Spatial profiling of the interplay between cell type- and vision-dependent transcriptomic programs in the visual cortex.

How early sensory experience during "critical periods" of postnatal life affects the organization of the mammalian neocortex at the resolution of neuronal cell types is poorly understood. We previously reported that the functional and molecular profiles of layer 2/3 (L2/3) cell types in the primary visual cortex (V1) are vision-dependent (Tan et al., Neuron, 108 (4), 2020; Cheng et al., Cell, 185 (2), 2022). Here, we characterize the spatial organization of L2/3 cell types with and without visual experience. Spatial transcriptomic profiling based on 500 genes recapitulates the zonation of L2/3 cell types along the pial-ventricular axis in V1. By applying multi-tasking theory (Adler et al., Cell Systems, 8, 2019), we suggest that the spatial zonation of L2/3 cell types is linked to the continuous nature of their gene expression profiles, which can be represented as a 2D manifold bounded by three archetypal cell types ("A", "B", and "C"). By comparing normally reared and dark reared L2/3 cells, we show that visual deprivation-induced transcriptomic changes comprise two independent gene programs. The first, induced specifically in the visual cortex, includes immediate-early genes and genes associated with metabolic processes. It manifests as a change in cell state that is orthogonal to cell type-specific gene expression programs. By contrast, the second program impacts L2/3 cell type identity, regulating a subset of cell type-specific genes and shifting the distribution of cells within the L2/3 manifold, with a depression of the B-type and C-type and a gain of the A-type. Through an integrated analysis of spatial transcriptomic measurements with single-nucleus RNA-seq data from our previous study, we describe how vision patterns L2/3 cortical cell types during the postnatal critical period.
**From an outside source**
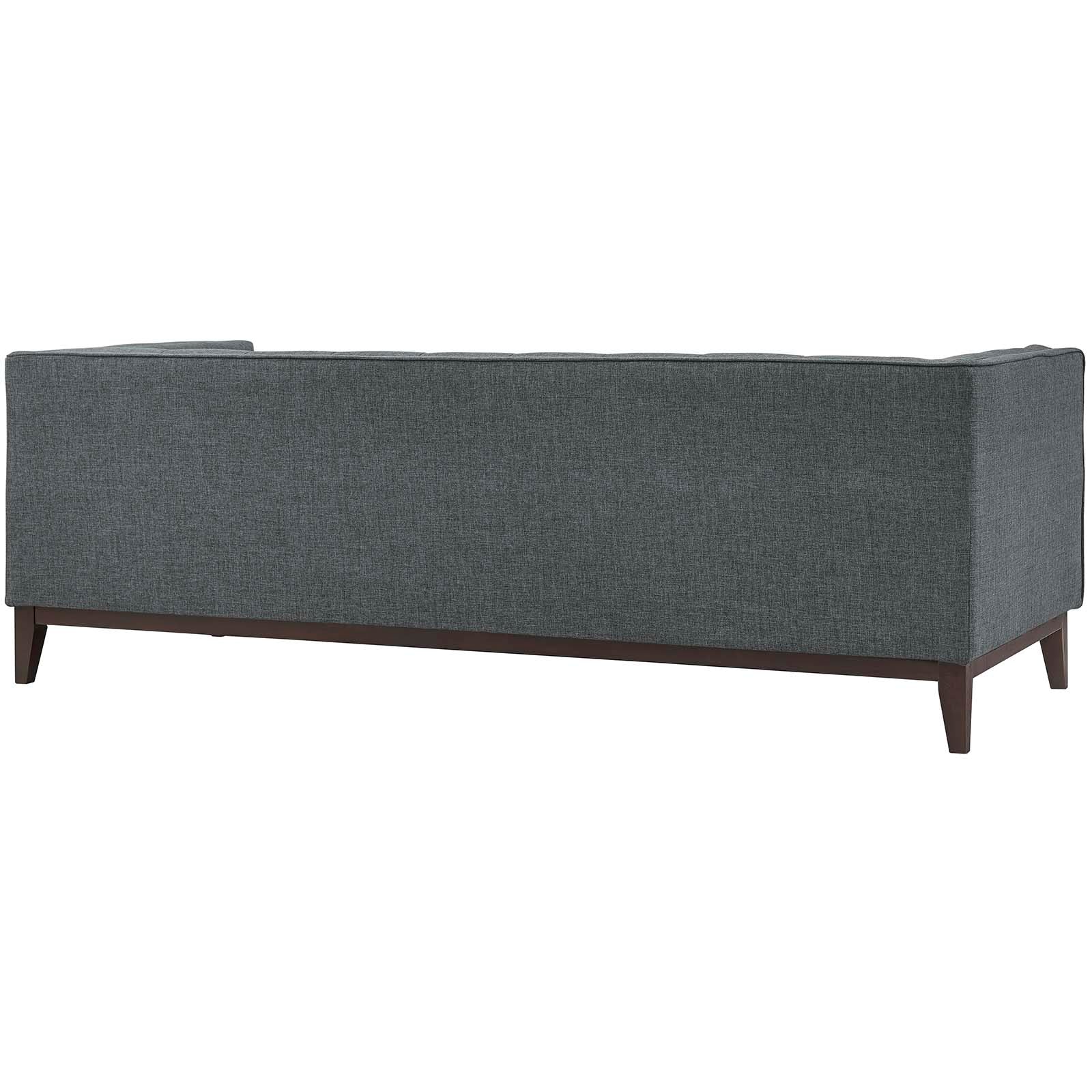 Modway Sofas & Couches - Serve Upholstered Fabric Sofa Gray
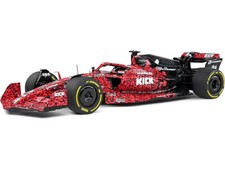 Solido Alfa Romeo C43 F1 Art Car 2023 Formula 1 1/18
Significance Statement: Layer 2/3 (L2/3) glutamatergic neurons are important sites of experience-dependent plasticity and learning in the mammalian cortex. Their properties vary continuously with cortical depth and depend upon experience. Here, by applying spatial transcriptomics and different computational approaches in the mouse primary visual cortex, we show that vision regulates orthogonal gene expression programs underlying cell states and cell types. Visual deprivation not only induces an activity-dependent cell state, but also alters the composition of L2/3 cell types, which are appropriately described as a transcriptomic continuum. Our results provide insights into how experience shapes transcriptomes that may, in turn, sculpt brain wiring, function, and behavior.
Competing Interests: Declaration of interests The authors declare no competing interests.